◆ **Task brief**
Return only the lines of the data below from the line with "Fred Claus DVD - (Used)" up to and including the line with "Imóvel para venda", exactly as written, with the pictures omitted.

◆ **Excerpted records**
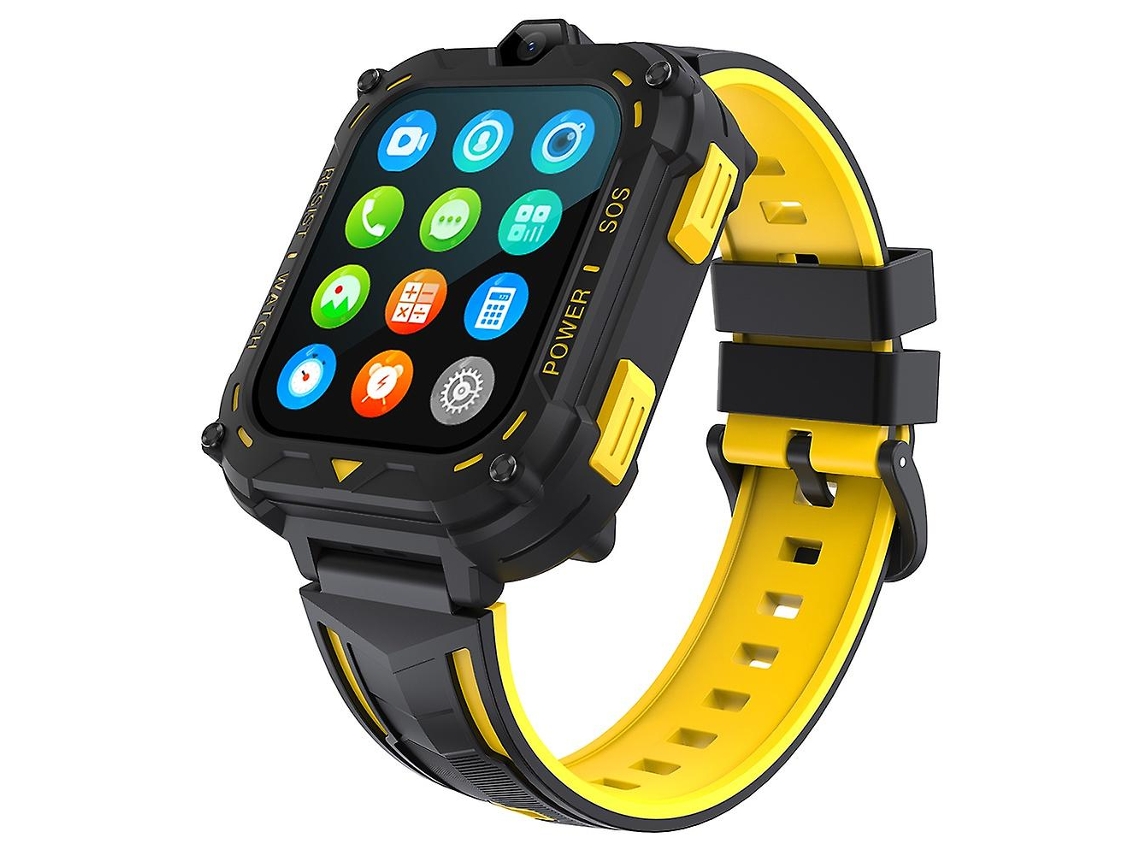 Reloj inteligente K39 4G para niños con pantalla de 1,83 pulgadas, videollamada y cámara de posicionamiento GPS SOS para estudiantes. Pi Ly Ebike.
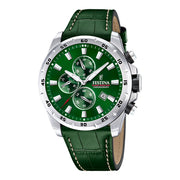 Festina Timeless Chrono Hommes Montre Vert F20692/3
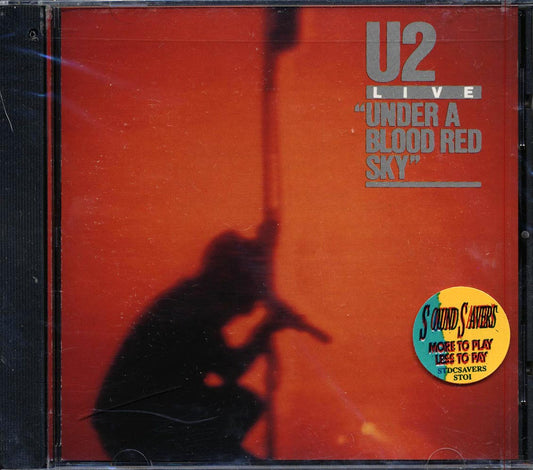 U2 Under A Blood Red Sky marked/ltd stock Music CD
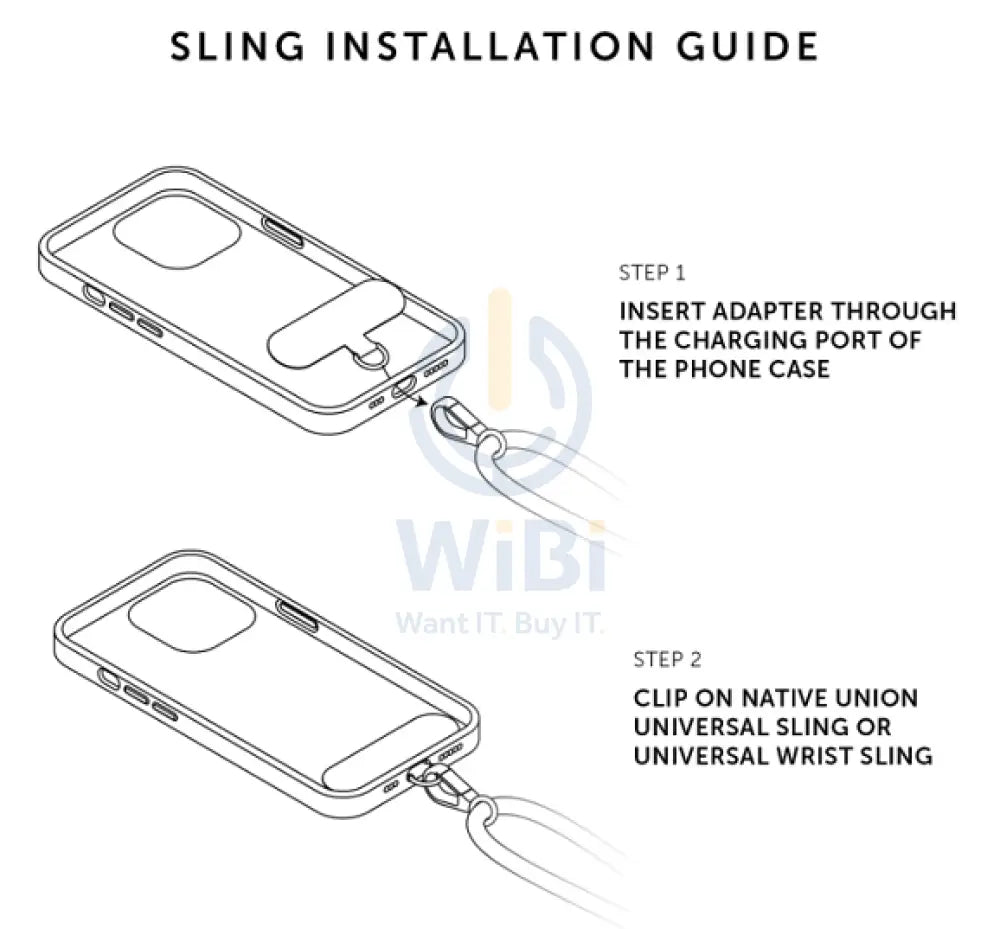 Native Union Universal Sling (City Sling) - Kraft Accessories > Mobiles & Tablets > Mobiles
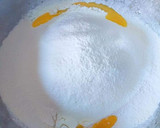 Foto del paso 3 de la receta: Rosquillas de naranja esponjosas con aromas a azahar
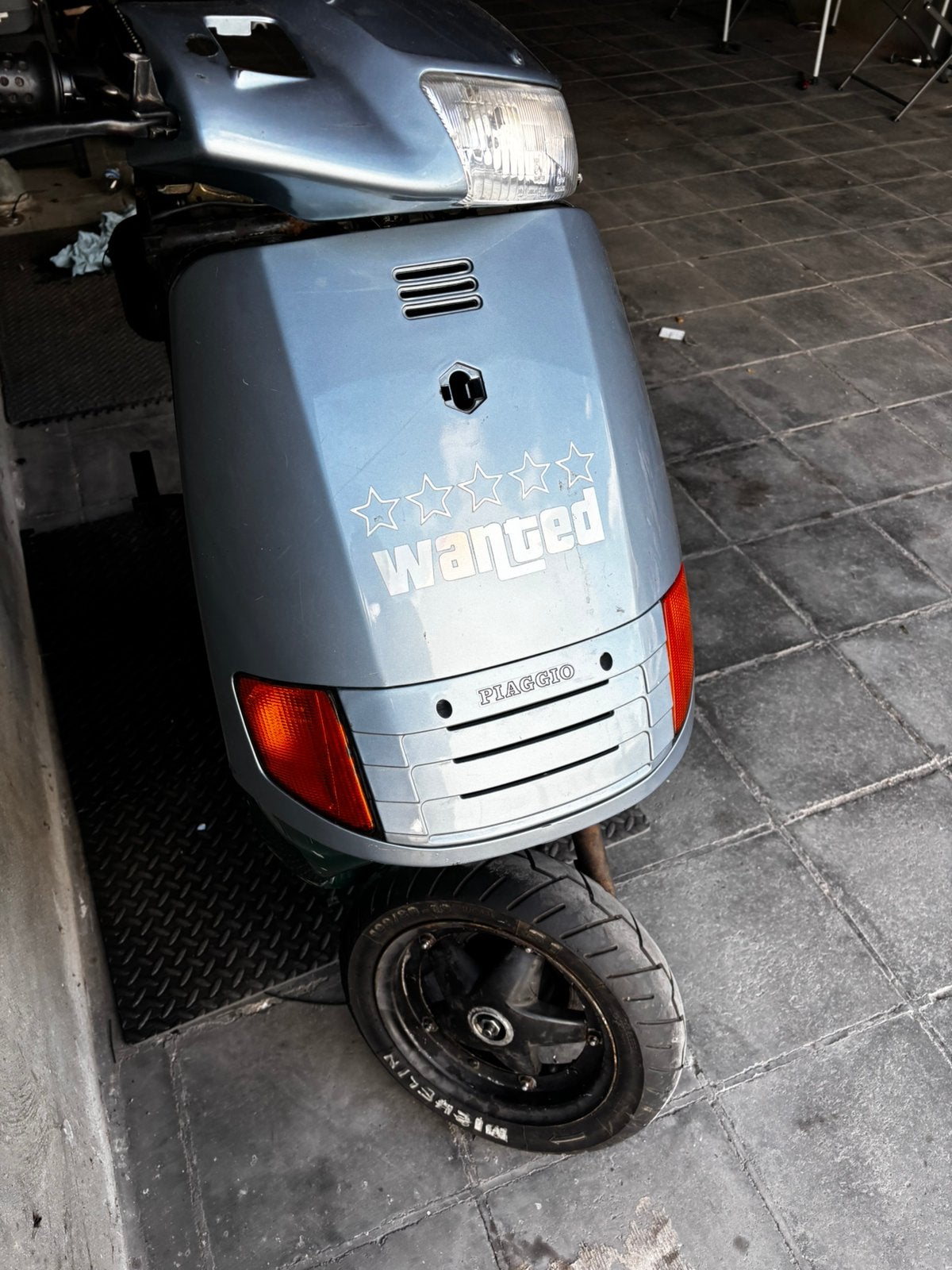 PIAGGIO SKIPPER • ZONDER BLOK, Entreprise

...

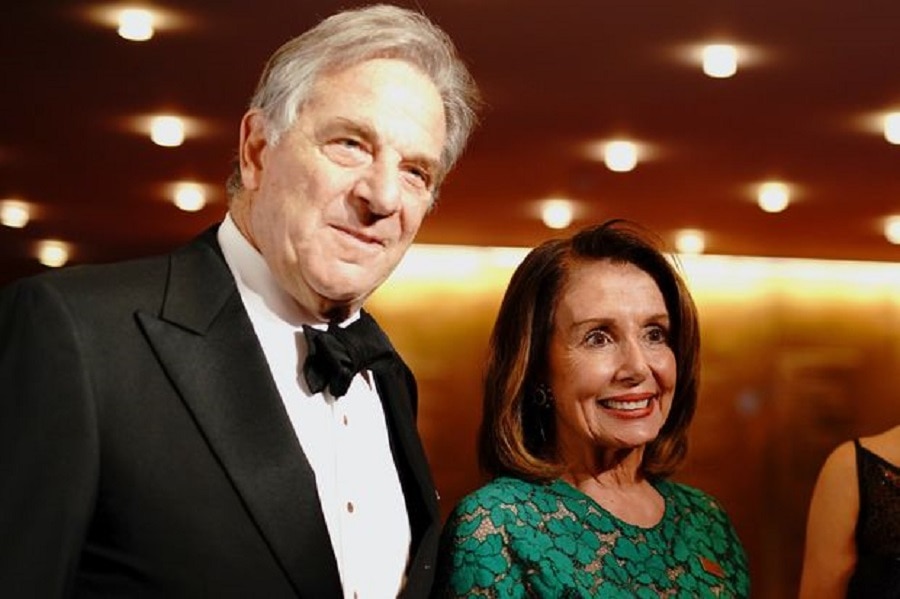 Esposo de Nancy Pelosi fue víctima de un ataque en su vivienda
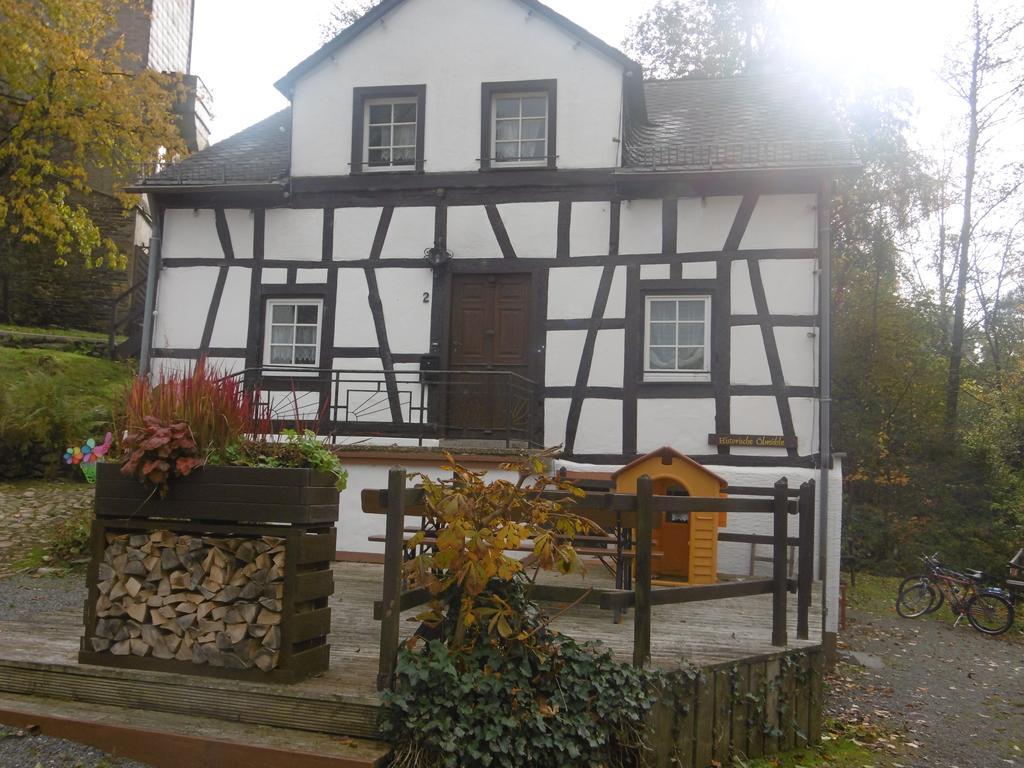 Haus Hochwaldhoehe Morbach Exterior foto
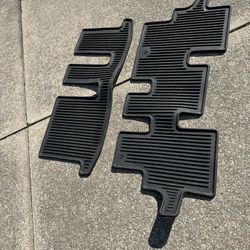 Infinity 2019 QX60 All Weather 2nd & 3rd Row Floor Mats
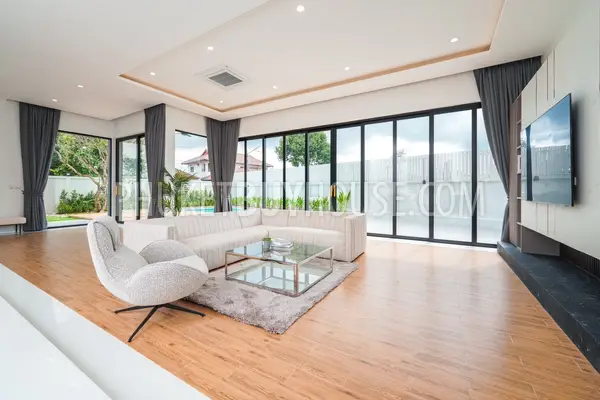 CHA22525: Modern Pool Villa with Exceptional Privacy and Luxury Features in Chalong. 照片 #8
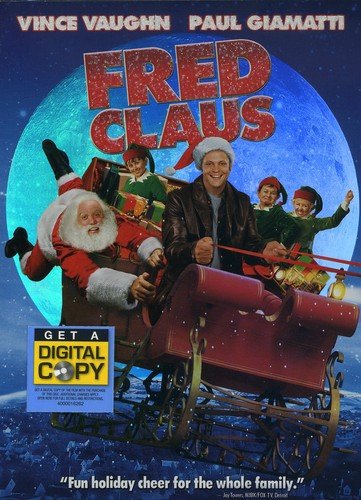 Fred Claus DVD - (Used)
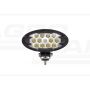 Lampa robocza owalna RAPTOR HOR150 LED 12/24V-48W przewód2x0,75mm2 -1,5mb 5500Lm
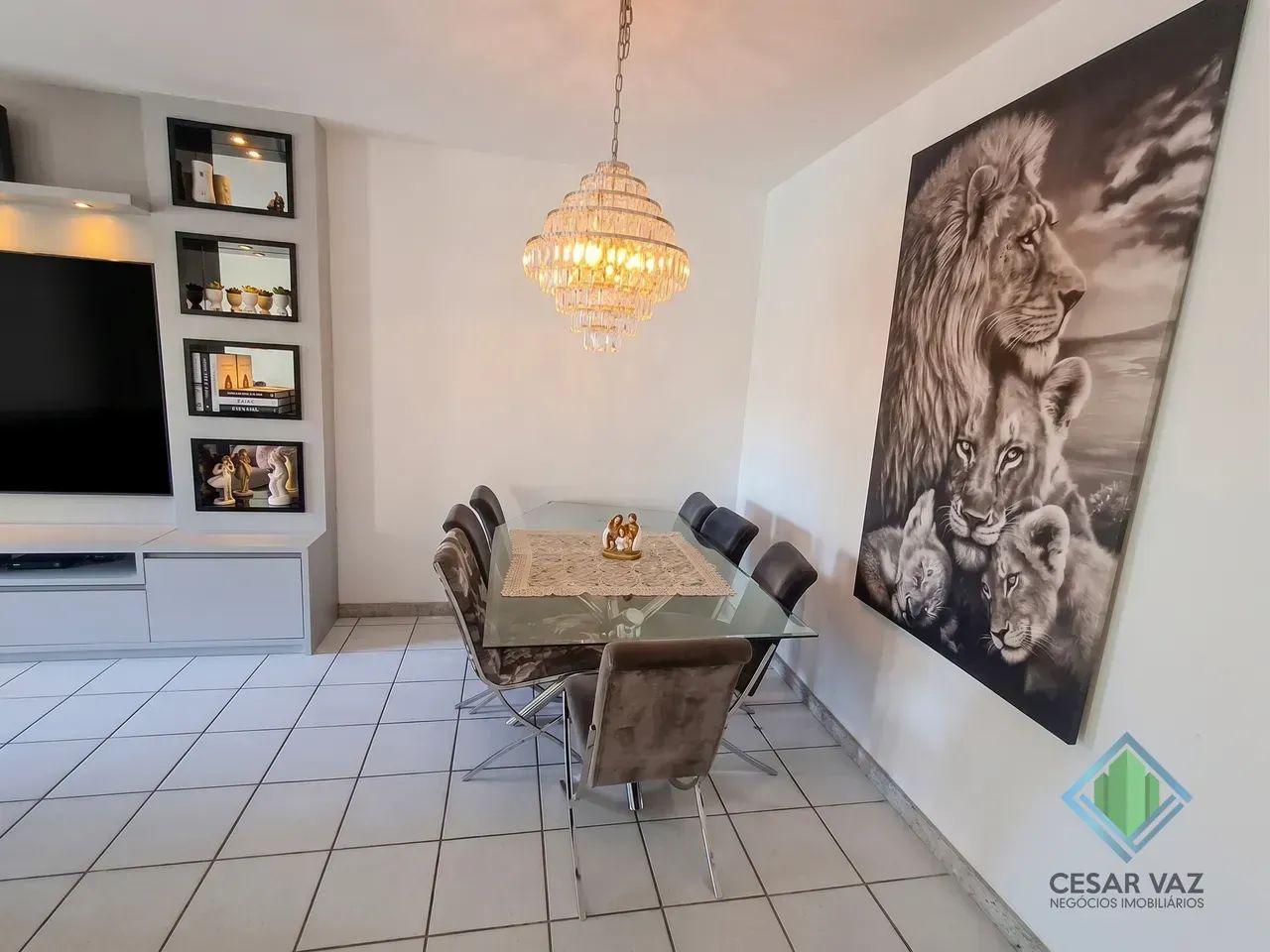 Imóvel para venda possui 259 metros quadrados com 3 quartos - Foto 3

◆ **Answer space**
 Fred Claus DVD - (Used)
 Lampa robocza owalna RAPTOR HOR150 LED 12/24V-48W przewód2x0,75mm2 -1,5mb 5500Lm
 Imóvel para venda possui 259 metros quadrados com 3 quartos - Foto 3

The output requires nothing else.